| Your assignment |
In the entries that follow, locate the line with "Chameleon Jemenský - 2", then restate that line and all later lines exactly as they appear, leaving pictures out.

| Records provided |
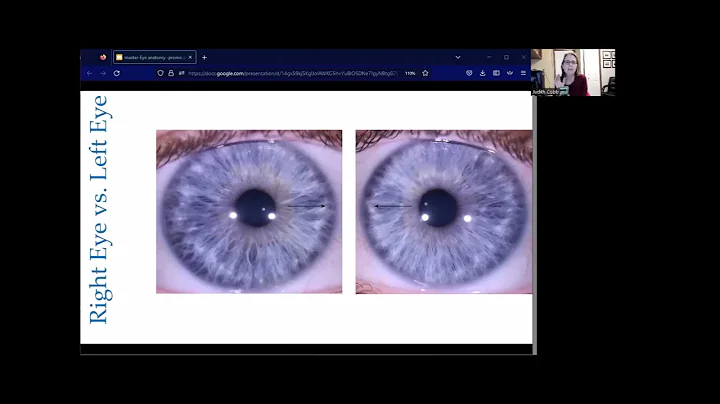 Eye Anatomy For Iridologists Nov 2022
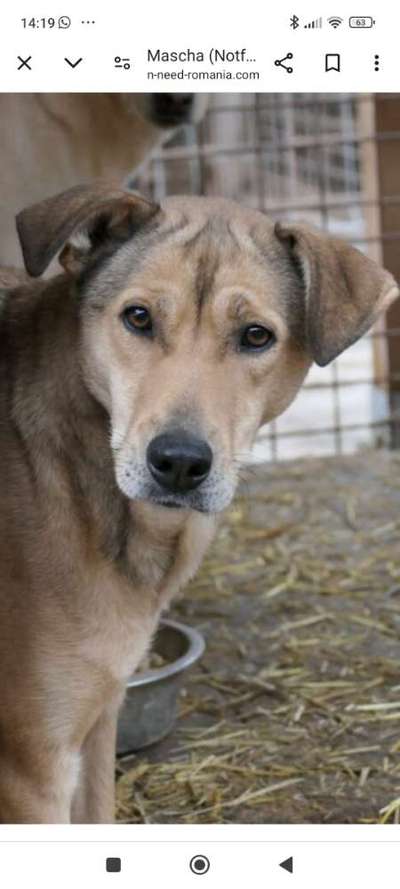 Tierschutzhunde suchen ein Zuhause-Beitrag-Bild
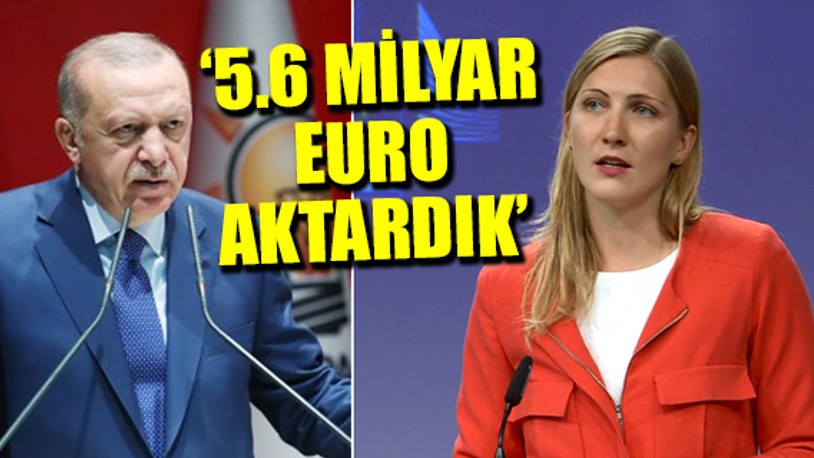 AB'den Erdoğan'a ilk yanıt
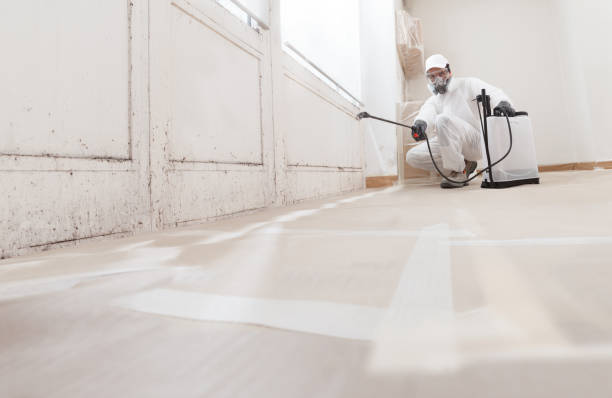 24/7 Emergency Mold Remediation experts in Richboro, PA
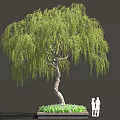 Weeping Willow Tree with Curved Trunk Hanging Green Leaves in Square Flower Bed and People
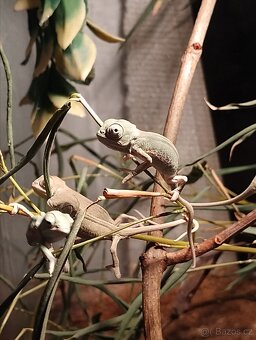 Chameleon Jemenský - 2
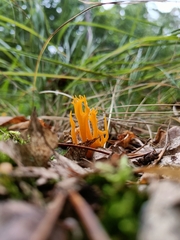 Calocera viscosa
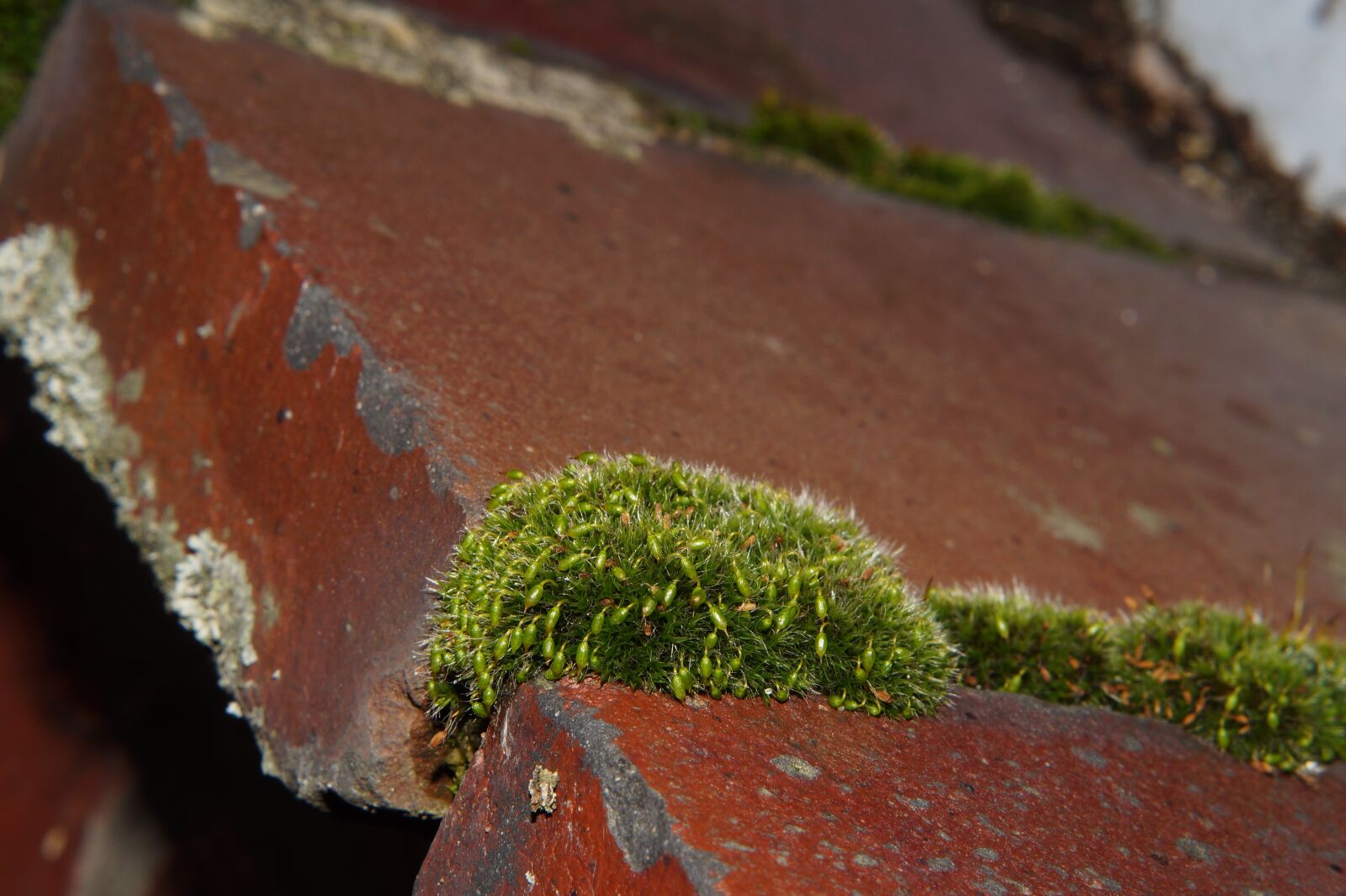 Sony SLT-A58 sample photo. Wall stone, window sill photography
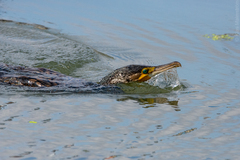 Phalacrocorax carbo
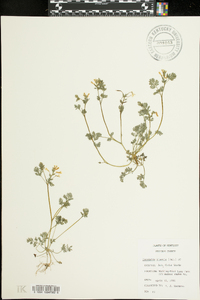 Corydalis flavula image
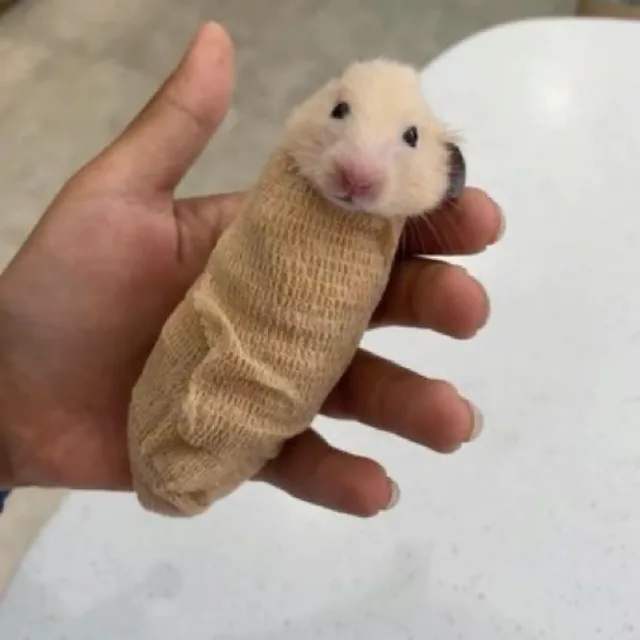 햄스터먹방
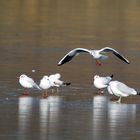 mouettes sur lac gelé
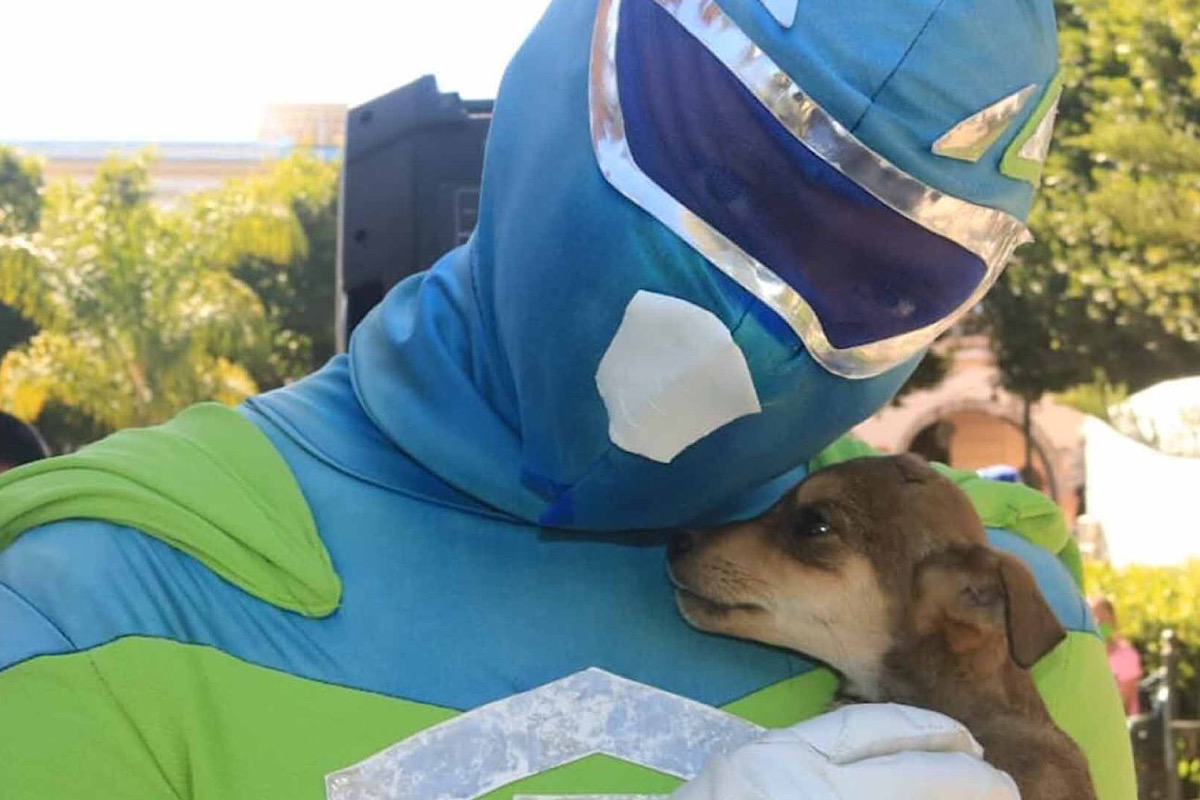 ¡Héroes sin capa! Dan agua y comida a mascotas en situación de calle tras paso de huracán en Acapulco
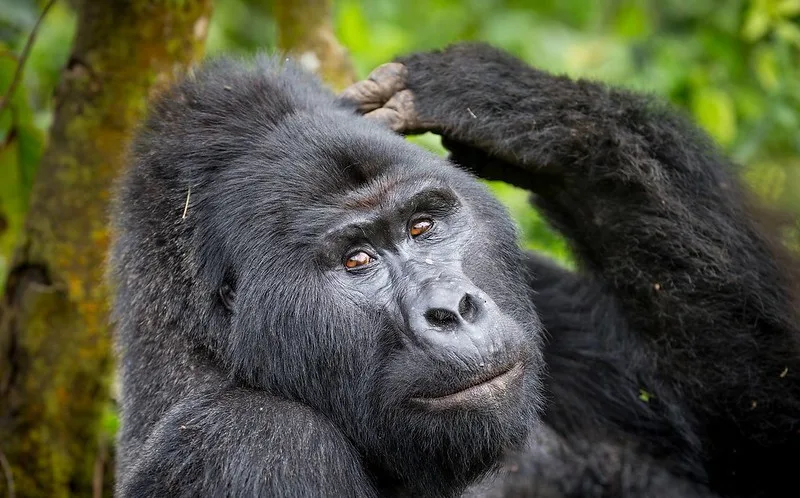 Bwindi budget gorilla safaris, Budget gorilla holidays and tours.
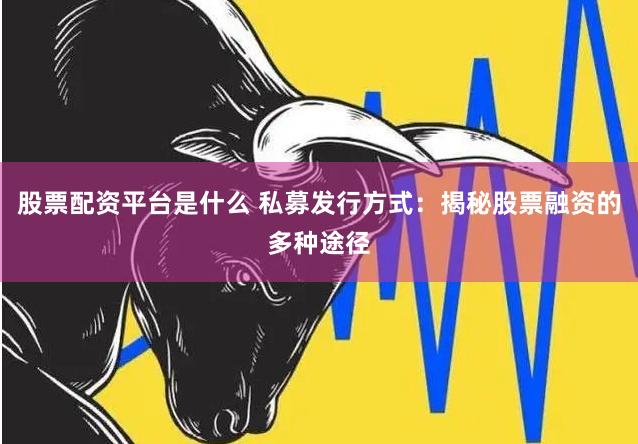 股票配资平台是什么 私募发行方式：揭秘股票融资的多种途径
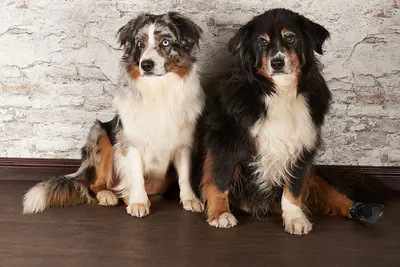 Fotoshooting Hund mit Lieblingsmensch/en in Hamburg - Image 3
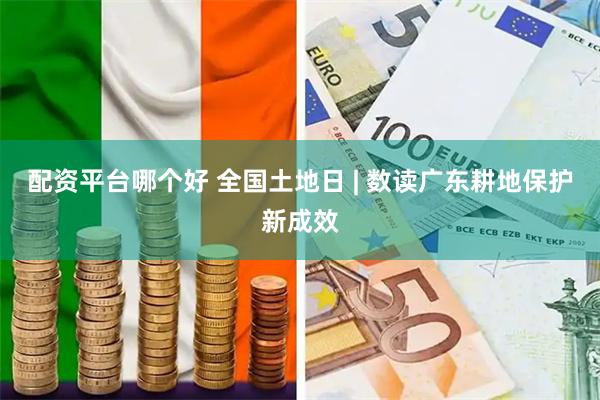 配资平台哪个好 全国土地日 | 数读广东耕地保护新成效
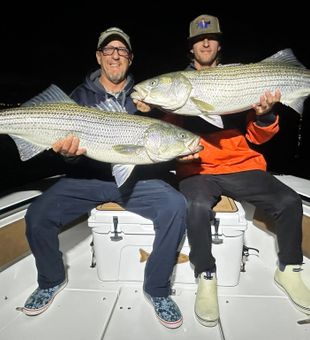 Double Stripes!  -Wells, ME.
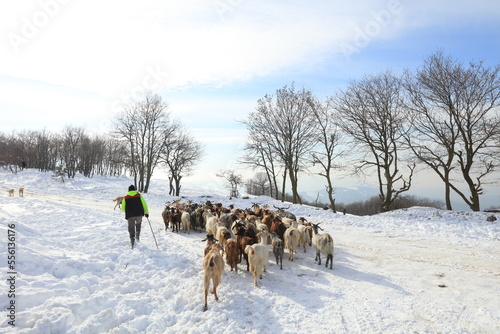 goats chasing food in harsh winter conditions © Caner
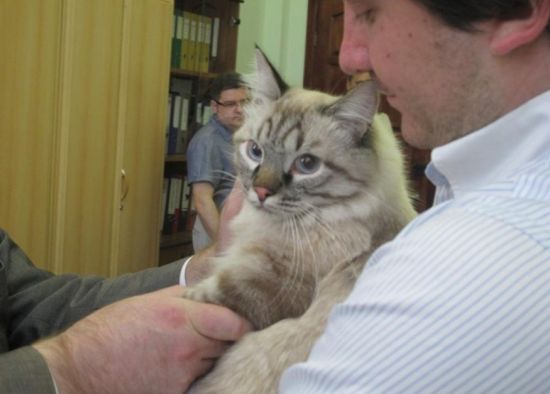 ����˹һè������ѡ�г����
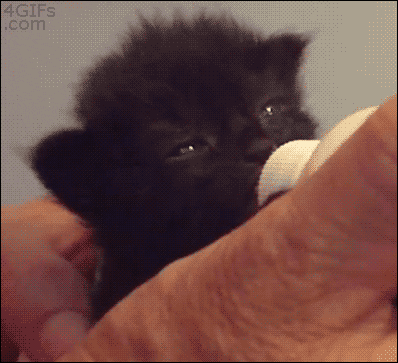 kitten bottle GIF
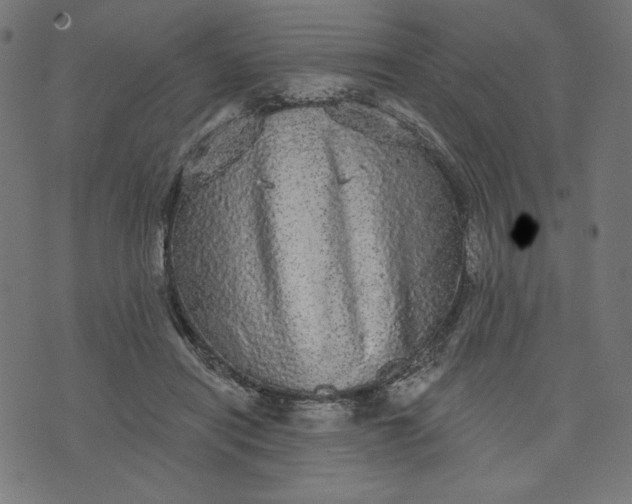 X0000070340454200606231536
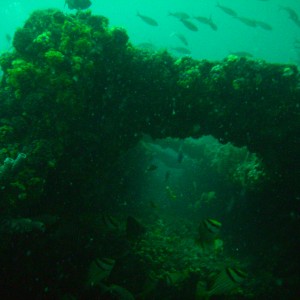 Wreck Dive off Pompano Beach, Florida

| Written solution |
 Chameleon Jemenský - 2
 Calocera viscosa
 Sony SLT-A58 sample photo. Wall stone, window sill photography
 Phalacrocorax carbo
 Corydalis flavula image
 햄스터먹방
 mouettes sur lac gelé
 ¡Héroes sin capa! Dan agua y comida a mascotas en situación de calle tras paso de huracán en Acapulco
 Bwindi budget gorilla safaris, Budget gorilla holidays and tours.
 股票配资平台是什么 私募发行方式：揭秘股票融资的多种途径
 Fotoshooting Hund mit Lieblingsmensch/en in Hamburg - Image 3
 配资平台哪个好 全国土地日 | 数读广东耕地保护新成效
 Double Stripes!  -Wells, ME.
 goats chasing food in harsh winter conditions © Caner
 ����˹һè������ѡ�г����
 kitten bottle GIF
 X0000070340454200606231536
 Wreck Dive off Pompano Beach, Florida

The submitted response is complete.